Introduced June 18, 2025 by Jeff Merkley · Last progress June 18, 2025
The resolution raises awareness of pollinator declines and supports actions that can protect crops, biodiversity, and public health, but doing so could impose costs on some farmers and landowners and shift limited conservation funding away from other priorities.
Farmers and consumers benefit because recognizing pollinators' role supports actions to protect pollination services that sustain crops generating about $18 billion annually, helping reduce crop losses and stabilize farm incomes and food supplies.
Rural communities and local ecosystems benefit because protecting pollinators helps preserve biodiversity and key ecosystem services (clean air, water, soil) that support public health and long-term environmental quality.

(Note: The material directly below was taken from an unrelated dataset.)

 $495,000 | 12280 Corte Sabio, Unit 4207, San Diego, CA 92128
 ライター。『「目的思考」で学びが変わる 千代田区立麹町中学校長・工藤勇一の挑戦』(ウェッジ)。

State and local governments, and agricultural stakeholders, may gain from increased attention leading to more conservation research and targeted funding to restore pollinator populations and pollination services.
Homeowners and some landowners could face new limits on development or agricultural practices if findings spur land-use restrictions to protect pollinator habitat, constraining property use.
Farmers and small agricultural businesses may incur higher compliance costs if conservation measures inspired by the findings lead to new regulations or required practices.
State or federal conservation funding could be reallocated toward pollinator programs, potentially diverting limited resources from other local or regional priorities.
Based on analysis of 2 sections of legislative text.
Recognizes that native pollinators — including bees, butterflies and moths, birds, bats, and beetles — are essential to U.S. agriculture, biodiversity, and ecosystem health and records widespread and severe population declines that threaten crop production and ecological systems. The resolution lists economic estimates and species-specific decline data (including large declines in monarch butterflies and bumble bees) as the factual basis for expressing concern and drawing attention to the issue. This is a non-binding, declarative resolution that states findings about pollinator importance and declines; it does not create new programs, funding, or regulatory requirements but may guide awareness, policy discussions, and future legislative or agency actions.